LIBOL / SOL

Library for Scalable Online Learning
http://sol.stevenhoi.org
Other
97 stars 38 forks source link

getting the predict class ? #1

Closed anujgupta82 closed 7 years ago

anujgupta82 commented 8 years ago

I am using python wrapper to use LIBSOL. Once I train a model (python python/libsol_train.py -m arow.model data/a1a arow2.model), how do I access/return the class predict by the trained model for a unseen data point ?

I only see test (https://github.com/LIBOL/LIBSOL/blob/master/python/libsol_core.py#L170) which internally calls _LIB.lsol_Test(https://github.com/LIBOL/LIBSOL/blob/master/python/libsol_core.py#L186)

yuewu001 commented 8 years ago

the third parameter "output_path" is the data path to save the predicted classes and scores. We are also working on new wrappers so that you can get the predicted classes and scores from test data of numpy arrays or scipy sparse arrays.

anujgupta82 commented 8 years ago

third parameter "output_path" is not working.
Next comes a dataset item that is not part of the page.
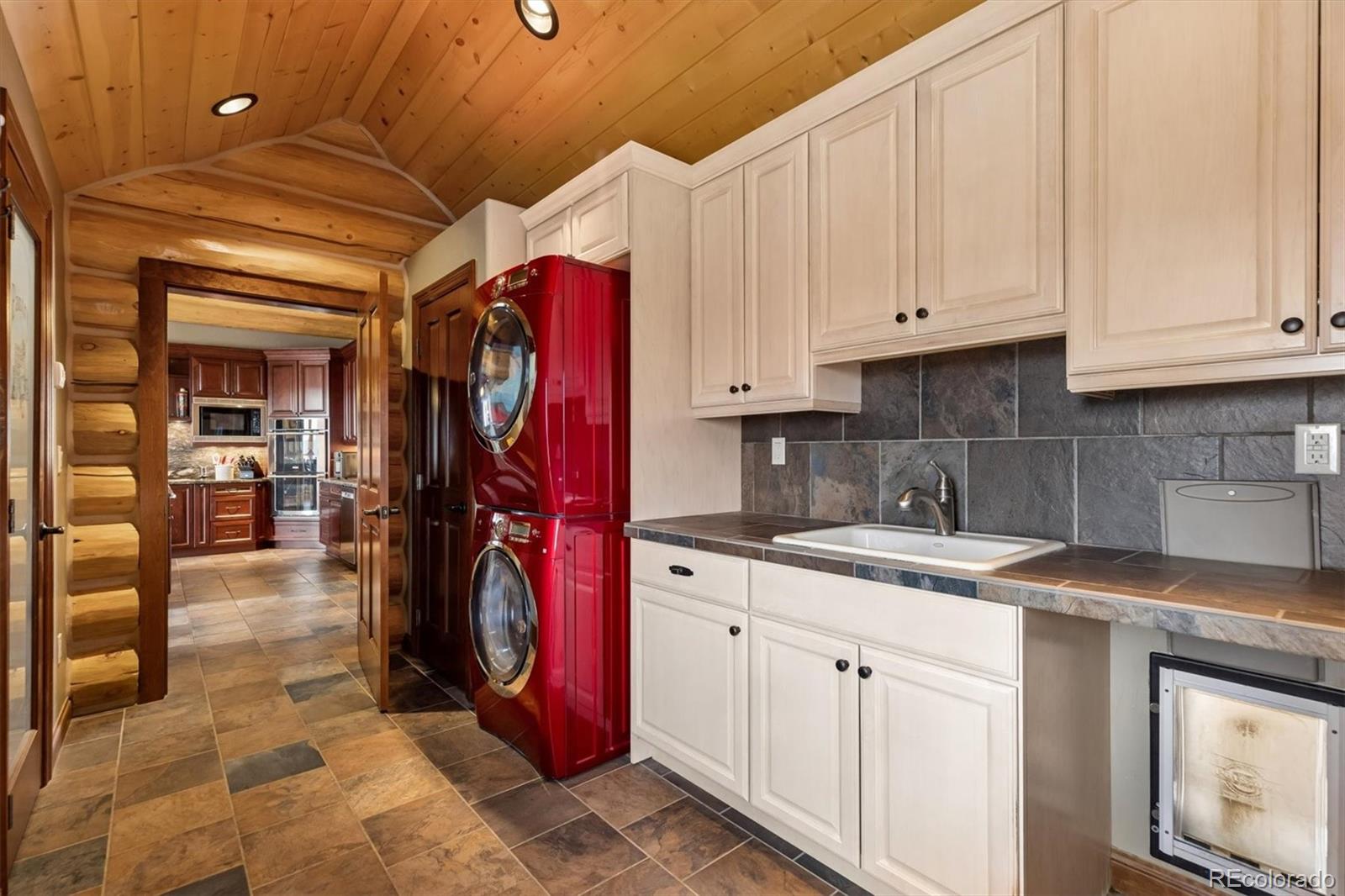 MLS Image #23 for 401  raptor point road,golden, Colorado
Please see #3

anujgupta82 commented 8 years ago

Can I know what kind of timeline can I except for predictions/scoring on numpy arrays or scipy sparse arrays ?

yuewu001 commented 8 years ago

i'll release a new version in the dev branch at the end of this week, which features the usage like sklearn.

anujgupta82 commented 8 years ago

Cool. Couple of suggestions (based on PassiveAggressive from sklearn) you may consider:

1) ability to add 'class weights' to handle class imbalance while initializing the model 2) fit() : do batch training on data if need be. Returns model and training loss incurred. 3) partial_fit(): update the current model while fitting a new data point 4) predict() : predict class/label for given data point(s) 5) score() : accuracy score on the test set 6) confidence() : confidence in prediction (usually distance from decision boundary) 7) access model parameters 8) should not necessary read data and write back results to files. ability to accept and return Numpy arrays will be of great help

These will be of great help to anyone who has been using PA from sklearn

yuewu001 commented 8 years ago

thank you so much for your kind suggestion. You can track the 'cython' branch, since the updates in that branch is mostly similar to what you have mentioned. As to the class imbalance problem, we are still thinking on a algorithmic way for the problem. Your suggestion is still of great value.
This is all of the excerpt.